Half a century ago, Bill Stwalley described the vision of realizing atomic Bose-Einstein condensates and why this would be an exciting scientific goal. A quarter century ago, he formulated the concept of creating dipolar molecules from ultracold gases of atoms. These visions have independently become a reality and opened two major directions in AMO physics. They have now come together in the form of Bose-Einstein condensates of dipolar molecules.

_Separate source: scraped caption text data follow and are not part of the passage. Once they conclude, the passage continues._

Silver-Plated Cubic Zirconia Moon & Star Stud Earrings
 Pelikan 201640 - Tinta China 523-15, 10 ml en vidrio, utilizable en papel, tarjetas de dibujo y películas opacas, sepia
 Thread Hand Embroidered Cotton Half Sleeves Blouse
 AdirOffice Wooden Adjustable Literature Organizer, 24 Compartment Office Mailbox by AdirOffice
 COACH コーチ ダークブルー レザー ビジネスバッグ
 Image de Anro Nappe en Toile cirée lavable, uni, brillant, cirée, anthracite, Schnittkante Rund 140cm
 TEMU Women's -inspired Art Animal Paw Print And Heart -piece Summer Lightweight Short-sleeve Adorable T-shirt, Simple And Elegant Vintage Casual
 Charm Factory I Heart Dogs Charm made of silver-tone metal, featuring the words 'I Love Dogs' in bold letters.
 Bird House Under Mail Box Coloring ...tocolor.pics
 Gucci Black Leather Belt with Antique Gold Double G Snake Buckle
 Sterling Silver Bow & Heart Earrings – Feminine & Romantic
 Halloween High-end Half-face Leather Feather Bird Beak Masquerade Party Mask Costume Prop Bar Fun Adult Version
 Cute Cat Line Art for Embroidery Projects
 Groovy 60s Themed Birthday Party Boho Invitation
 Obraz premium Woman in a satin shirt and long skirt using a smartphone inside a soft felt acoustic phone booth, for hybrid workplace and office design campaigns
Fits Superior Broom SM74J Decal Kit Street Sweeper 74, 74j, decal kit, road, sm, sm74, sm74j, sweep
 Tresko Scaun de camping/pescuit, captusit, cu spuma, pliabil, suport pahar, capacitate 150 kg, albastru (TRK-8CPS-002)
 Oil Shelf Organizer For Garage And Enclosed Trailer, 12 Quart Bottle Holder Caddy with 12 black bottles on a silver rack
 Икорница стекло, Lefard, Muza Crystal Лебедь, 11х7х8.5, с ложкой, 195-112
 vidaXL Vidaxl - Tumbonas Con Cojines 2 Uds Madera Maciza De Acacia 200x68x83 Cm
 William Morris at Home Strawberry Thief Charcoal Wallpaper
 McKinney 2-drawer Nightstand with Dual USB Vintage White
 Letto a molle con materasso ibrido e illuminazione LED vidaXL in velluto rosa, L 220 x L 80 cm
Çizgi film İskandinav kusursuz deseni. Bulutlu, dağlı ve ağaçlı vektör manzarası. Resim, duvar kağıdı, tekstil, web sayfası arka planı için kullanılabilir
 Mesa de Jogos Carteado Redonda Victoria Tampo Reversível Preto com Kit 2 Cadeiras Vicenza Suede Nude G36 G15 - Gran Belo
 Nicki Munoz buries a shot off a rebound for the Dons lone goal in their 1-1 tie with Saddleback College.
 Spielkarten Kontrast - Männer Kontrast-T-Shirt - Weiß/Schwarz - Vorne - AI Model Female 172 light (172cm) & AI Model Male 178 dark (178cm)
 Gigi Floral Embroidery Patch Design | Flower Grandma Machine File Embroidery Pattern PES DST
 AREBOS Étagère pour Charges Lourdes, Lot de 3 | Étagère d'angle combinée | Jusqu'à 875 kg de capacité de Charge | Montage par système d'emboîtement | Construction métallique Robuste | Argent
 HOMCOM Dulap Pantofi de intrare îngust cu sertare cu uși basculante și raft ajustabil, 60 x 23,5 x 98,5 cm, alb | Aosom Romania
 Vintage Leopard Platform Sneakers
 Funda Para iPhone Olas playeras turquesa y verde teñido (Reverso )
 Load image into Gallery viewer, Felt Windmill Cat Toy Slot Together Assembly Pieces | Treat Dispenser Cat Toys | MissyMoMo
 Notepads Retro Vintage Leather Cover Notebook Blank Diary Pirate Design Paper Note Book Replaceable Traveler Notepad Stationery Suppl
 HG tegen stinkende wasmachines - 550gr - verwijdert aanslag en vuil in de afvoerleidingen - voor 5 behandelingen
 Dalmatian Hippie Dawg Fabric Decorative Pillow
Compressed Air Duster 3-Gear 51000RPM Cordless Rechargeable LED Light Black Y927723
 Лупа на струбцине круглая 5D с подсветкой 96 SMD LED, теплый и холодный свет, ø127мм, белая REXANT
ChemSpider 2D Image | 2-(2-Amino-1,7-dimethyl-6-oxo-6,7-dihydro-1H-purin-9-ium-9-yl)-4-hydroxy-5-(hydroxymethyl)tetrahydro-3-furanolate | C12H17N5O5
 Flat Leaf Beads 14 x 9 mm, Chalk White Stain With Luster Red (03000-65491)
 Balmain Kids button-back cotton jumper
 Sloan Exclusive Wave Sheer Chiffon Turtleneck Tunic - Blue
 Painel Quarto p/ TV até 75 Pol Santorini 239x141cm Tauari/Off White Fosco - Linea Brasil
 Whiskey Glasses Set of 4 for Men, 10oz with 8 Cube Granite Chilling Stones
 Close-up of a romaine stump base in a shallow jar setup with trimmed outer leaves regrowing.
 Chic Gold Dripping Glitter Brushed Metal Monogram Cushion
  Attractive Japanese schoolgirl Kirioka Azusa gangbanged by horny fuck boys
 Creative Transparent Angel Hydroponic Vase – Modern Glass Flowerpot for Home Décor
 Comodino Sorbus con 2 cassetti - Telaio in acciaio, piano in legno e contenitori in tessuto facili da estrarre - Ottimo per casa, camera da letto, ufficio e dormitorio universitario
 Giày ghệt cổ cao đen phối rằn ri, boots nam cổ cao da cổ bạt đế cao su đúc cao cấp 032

Recently, we have created the first Bose-Einstein condensate of dipolar molecules [1]. We evaporatively cool a gas of sodium-cesium molecules to below 10 nanokelvin, deep in the quantum degenerate regime. The condensates live for several seconds. This dramatic improvement over previous molecular cooling efforts is enabled by collisional shielding via microwave dressing, suppressing inelastic losses by four orders of magnitude [2]. Microwave dressing also provides an exceptional level of tunability of dipole-dipole interactions, opening the door to novel phases of matter in molecular quantum liquids. Most recently, we have observed self-bound droplets in a gas of strongly dipolar molecules [3].

In this talk, I will describe our experimental approach, discuss recent results, and give an outlook on novel opportunities enabled by molecular Bose-Einstein condensates for many-body quantum physics, quantum simulation, and quantum computing.